**Requirement:**
Your output must hold every entry exactly as written and none of the pictures.
━━━━━ Record set ━━━━━
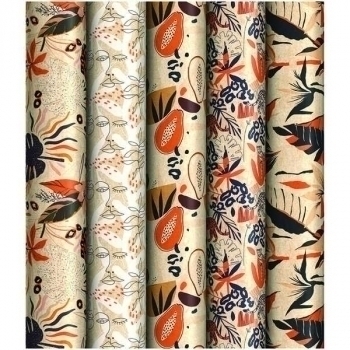 Бумага подарочная 70*100см крафт Тропический стиль в рулонах, 70 г/м2, 1 лист, ассорти 5 дизайнов арт.К100_40600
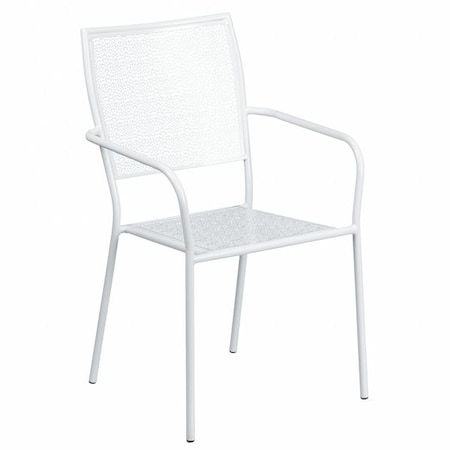 Flash Furniture White Steel Patio Arm Chair with Square Back CO-2-WH-GG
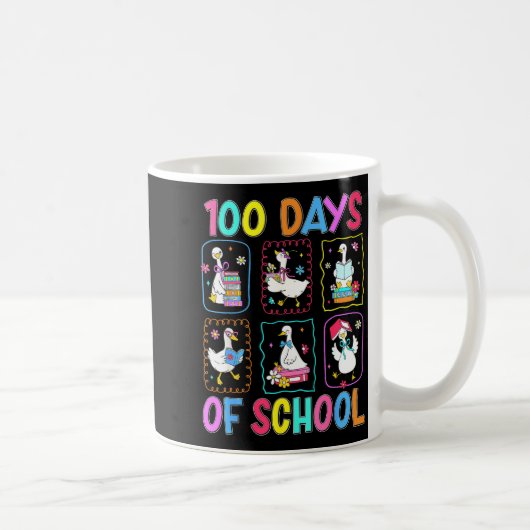 Mug 100 Days Of School 100th Day Funny Goose Boys Girl (Droite)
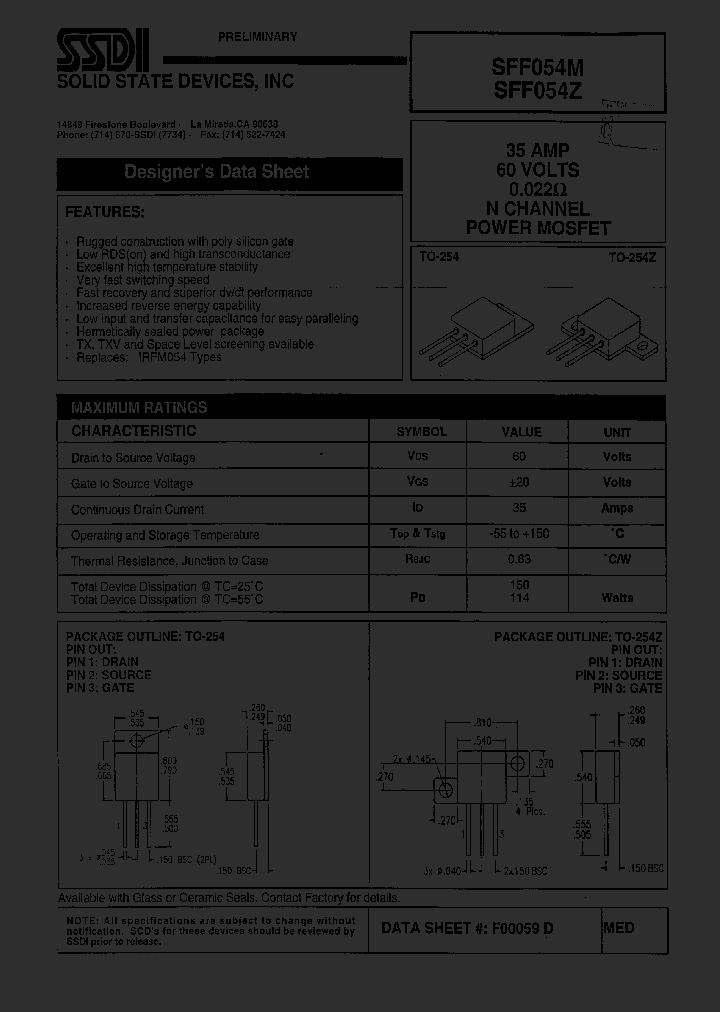 SFF054Z_1307422.PDF Datasheet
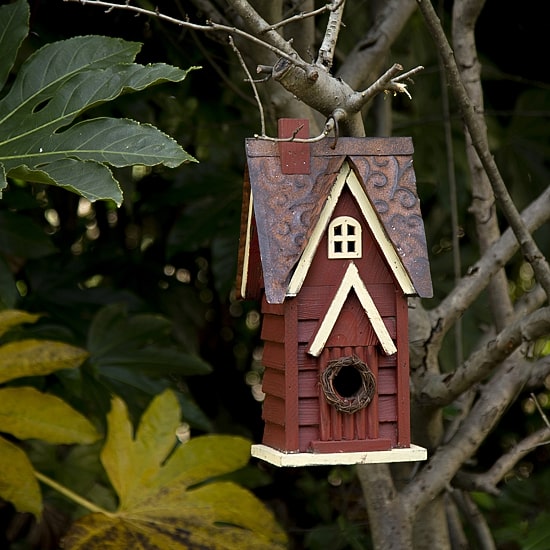 Glitzhome 12in Distressed Wood Bird House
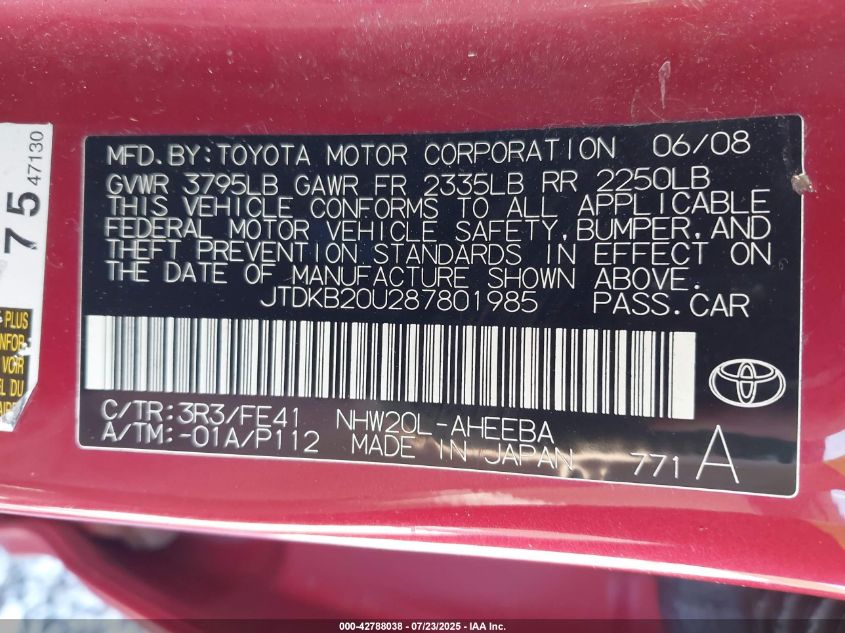 2008 Toyota Prius VIN: JTDKB20U287801985 Lot: 42788038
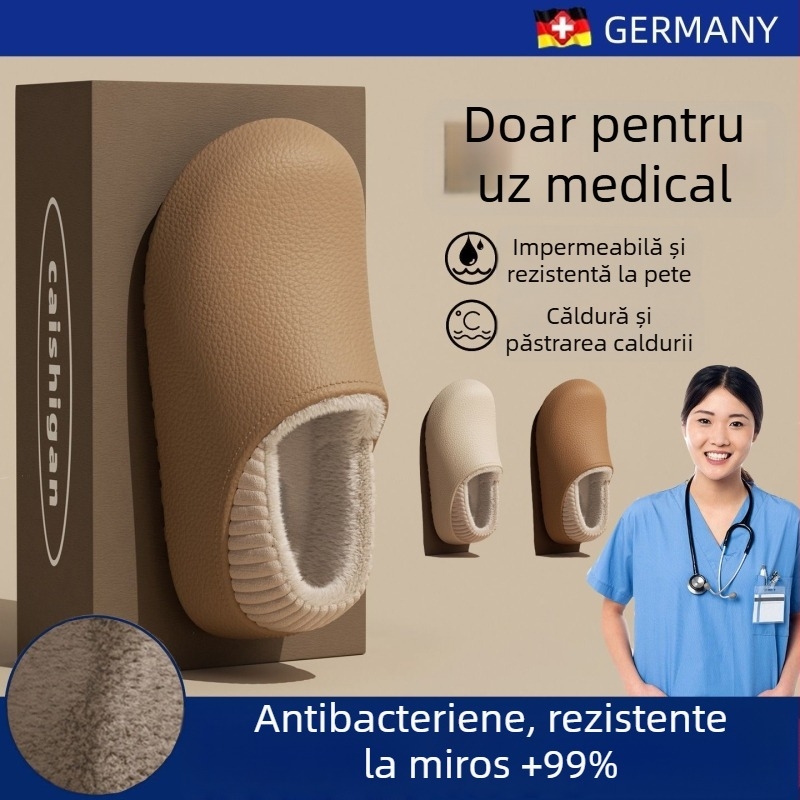 Papuci de iarnă pentru femei din EVA, căptuțiți cu fleece, talpă EVA, talpă groasă, înălțime a tocului mică 1–3 cm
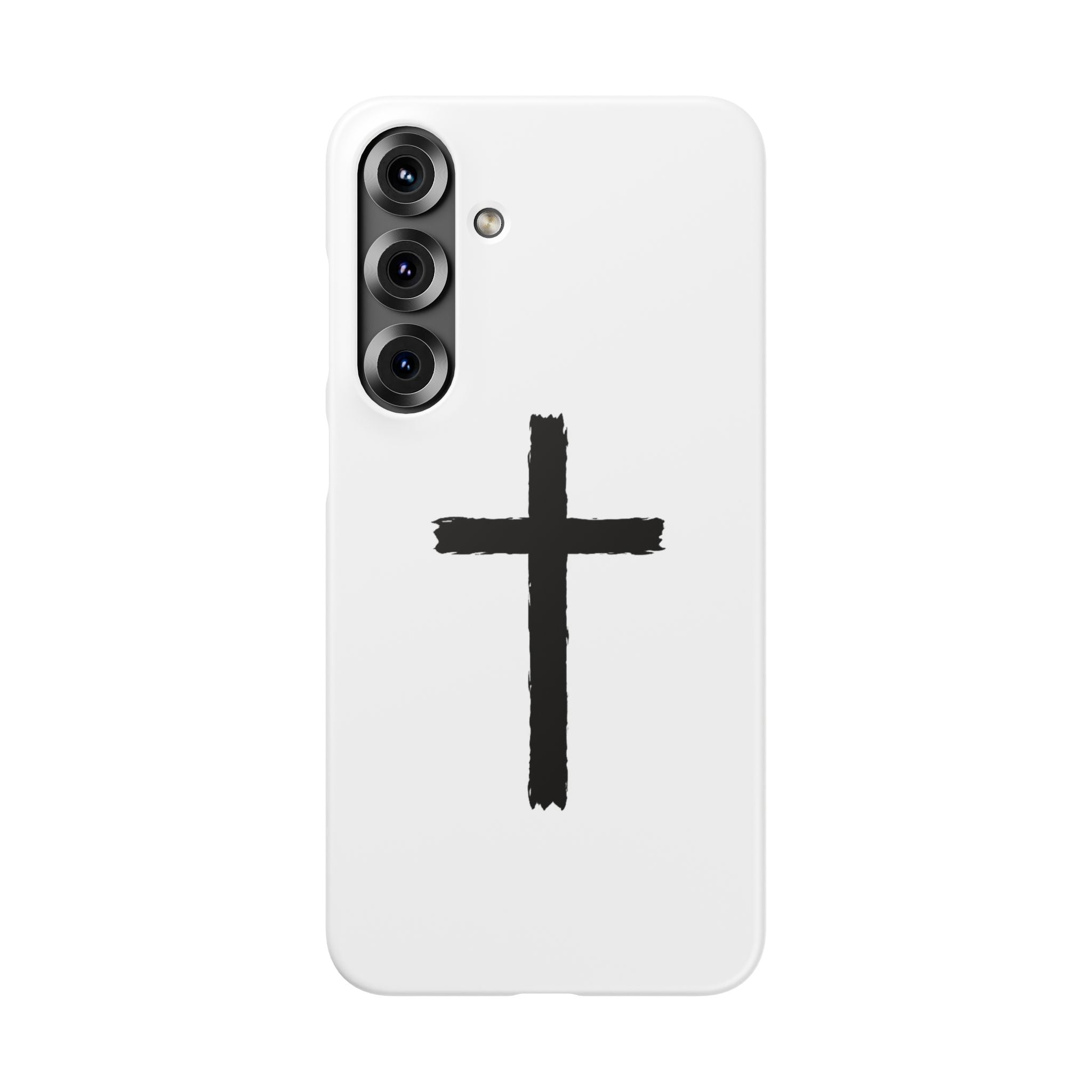 Cross Phone Case — Minimal Black Brushstroke Christian Snap Case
━━━━━
**Answer area:**
 Бумага подарочная 70*100см крафт Тропический стиль в рулонах, 70 г/м2, 1 лист, ассорти 5 дизайнов арт.К100_40600
 Flash Furniture White Steel Patio Arm Chair with Square Back CO-2-WH-GG
 Mug 100 Days Of School 100th Day Funny Goose Boys Girl (Droite)
 SFF054Z_1307422.PDF Datasheet
 Glitzhome 12in Distressed Wood Bird House
 2008 Toyota Prius VIN: JTDKB20U287801985 Lot: 42788038
 Papuci de iarnă pentru femei din EVA, căptuțiți cu fleece, talpă EVA, talpă groasă, înălțime a tocului mică 1–3 cm
 Cross Phone Case — Minimal Black Brushstroke Christian Snap Case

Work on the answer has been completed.